The papers may be old, and only in bits and pieces. But to Yin Yee, it is still a window to the world, no matter how small it may be. Newspaper is too pricey, at MYR 1.40 each day. It is a luxury she has to do without. No one reads at home except for her anyway. Her parents didn't attend school and her 3 siblings all eking a living in the big city.

She didn't go to school today. The dirt road leading out of her village would be too muddy to trudge on today, and the stream running underneath the creaking wooden bridge too volatile. And she wouldn't want to ruin one of her two pinafores, which she intends to use for another 2 years.

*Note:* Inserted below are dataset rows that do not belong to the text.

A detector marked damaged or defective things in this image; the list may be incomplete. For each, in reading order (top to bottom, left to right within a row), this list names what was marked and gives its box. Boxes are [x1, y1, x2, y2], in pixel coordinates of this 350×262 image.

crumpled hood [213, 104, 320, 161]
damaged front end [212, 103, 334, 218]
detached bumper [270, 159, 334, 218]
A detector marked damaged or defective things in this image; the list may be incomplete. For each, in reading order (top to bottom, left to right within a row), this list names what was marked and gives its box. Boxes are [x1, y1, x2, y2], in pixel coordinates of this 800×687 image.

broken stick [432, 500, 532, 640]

She can't go to the school library today and dive into the bookshelves as she does everyday after school. She would read the newspapers first before looking for a book she fancies. The reading materials are all in languages that are new to her, having come from a primary school that taught in her mother tongue. She struggles to understand the many idiosyncracies in the languages, but she knows she must master it. She wonders why there are no newspaper in her mother tongue in the library although one can easily purchase it from a shop.

With a book or magazine in hand, she would rush home to help her parents with the manual work of processing latex over fire stoke by wood to sheets of raw rubber.

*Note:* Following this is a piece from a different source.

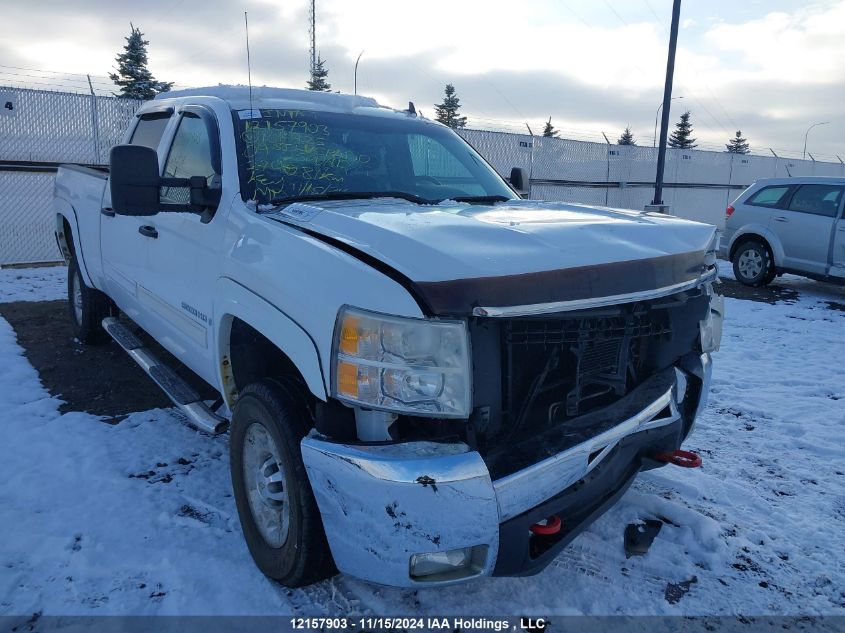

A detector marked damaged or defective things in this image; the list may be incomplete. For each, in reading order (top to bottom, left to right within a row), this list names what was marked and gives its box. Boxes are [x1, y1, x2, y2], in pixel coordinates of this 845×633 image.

damaged front bumper [300, 354, 708, 584]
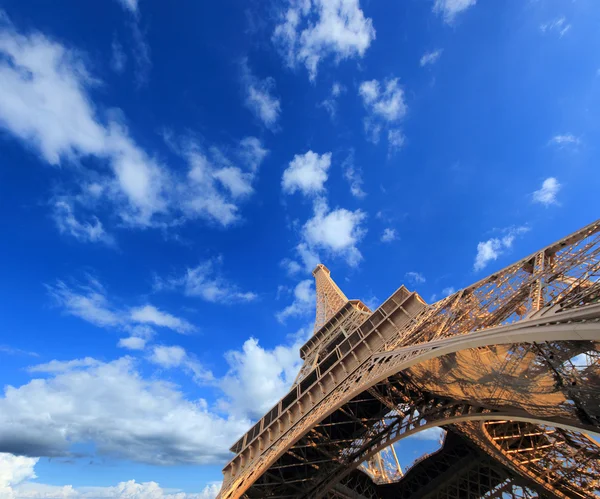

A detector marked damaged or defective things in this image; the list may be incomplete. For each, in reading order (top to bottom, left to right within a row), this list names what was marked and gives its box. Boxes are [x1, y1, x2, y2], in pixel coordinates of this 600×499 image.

rusty brown metalwork [217, 220, 600, 499]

She is not doing that today. When will the rain stop?

Post-script :
A far-fetched tale? My experience tells me it isn't. We may have come a long way as a nation. But we still have much to do, much to learn. Poverty does not discriminate by race or creed. It discriminates when given the opportunity to, when there are dishonest people taking resources not meant for them. Take some time, and look around you. How many of us drive past low cost flats daily and ponder about the lives of the people living in those squalid blocks? Do you stop and think why there are youngsters fooling around on motorbikes aimlessly when they should be in school or partaking in meaningful youthful activities? Are there facilities and commitment to undertake the education of our young, for all? The danger is, the marginalised ones become even more separated, a larger growing chasm is forming. Are we doing anything about it, really? But what can we do, when we need to eke out a living too?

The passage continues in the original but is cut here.